_Exercise prompt:_
Please write out only the lines from the line with "heat pump manufacturers" to the line with "Schrauben von HDOYTXXM", inclusive, exactly as they stand below, without the pictures.

*** Data under study Section Begins ***

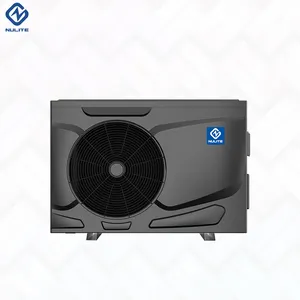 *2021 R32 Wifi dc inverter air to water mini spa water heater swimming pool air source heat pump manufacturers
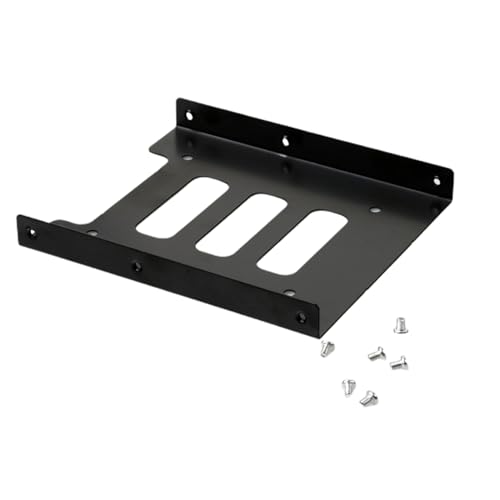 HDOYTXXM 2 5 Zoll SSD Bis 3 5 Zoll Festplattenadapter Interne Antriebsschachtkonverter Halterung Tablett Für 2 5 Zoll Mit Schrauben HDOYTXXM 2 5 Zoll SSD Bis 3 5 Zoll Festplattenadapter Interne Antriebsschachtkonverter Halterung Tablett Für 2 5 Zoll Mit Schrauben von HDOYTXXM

*** Data under study Section Ends ***
*** Data under study Section Begins ***

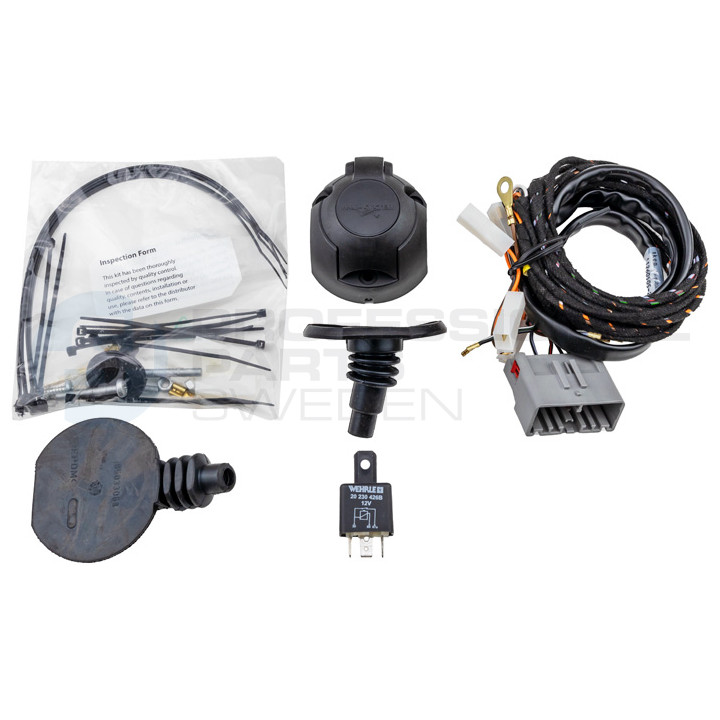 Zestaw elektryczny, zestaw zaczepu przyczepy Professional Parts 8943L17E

*** Data under study Section Ends ***

_Problem solution:_
 *2021 R32 Wifi dc inverter air to water mini spa water heater swimming pool air source heat pump manufacturers
 HDOYTXXM 2 5 Zoll SSD Bis 3 5 Zoll Festplattenadapter Interne Antriebsschachtkonverter Halterung Tablett Für 2 5 Zoll Mit Schrauben HDOYTXXM 2 5 Zoll SSD Bis 3 5 Zoll Festplattenadapter Interne Antriebsschachtkonverter Halterung Tablett Für 2 5 Zoll Mit Schrauben von HDOYTXXM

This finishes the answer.